Information. It’s a bit like being an ethnomusicologist – you go out into the field and you find this music that exists, you document it in the best way possible, and bring it back so that other people can share it.
As in Formations where it says “the flowing of pure movement is memory, the reproduction of an image of an action in another phase of manifestation…”
So you have these tracks – everyone who ever lived who ever had a story – it’s there.
It’s a conglomerate, a specific point, potentials, these points in space between the so-called prophetic texts (The Song of Songs, Ecclesiastes, Matthew, etc.) which exist on parallel realities.
It’s as if they were radio stations playing the blood music (as Greg Bear extrapolates so well in the book of the same name).

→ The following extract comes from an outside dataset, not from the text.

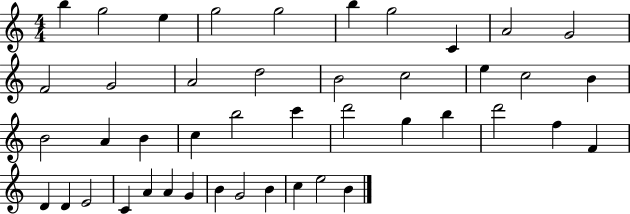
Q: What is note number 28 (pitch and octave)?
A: B5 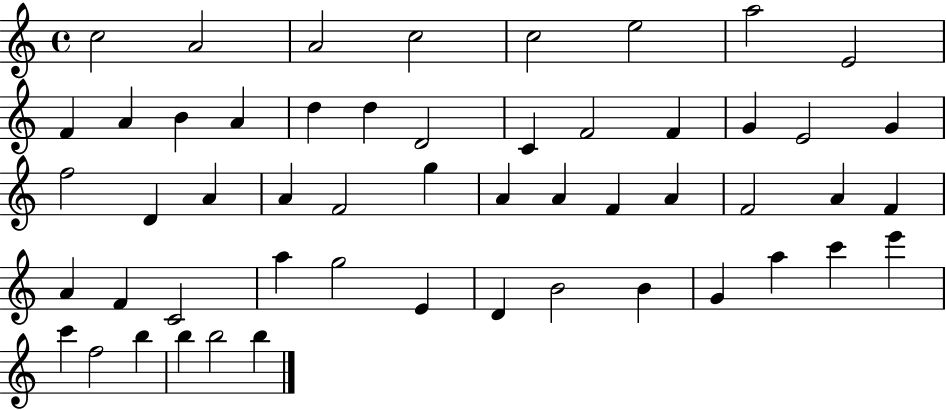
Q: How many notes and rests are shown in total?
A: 53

They might tell the same news, but with different slants – or even completely different reference points. They’re just like centers, nodes where consciousness is made avail-able. You go to the door, you knock, it opens up and you keep walking. You listen, looking for the signal to pick up, then you might have to backtrack. The voices don’t come immediately, and again it’s like hacking – you have to work. You might be up for a week solid without sleep to get all the way through a story; and at the time, that’s no great hardship because time stops. You just follow your senses to the sense that is there to be found.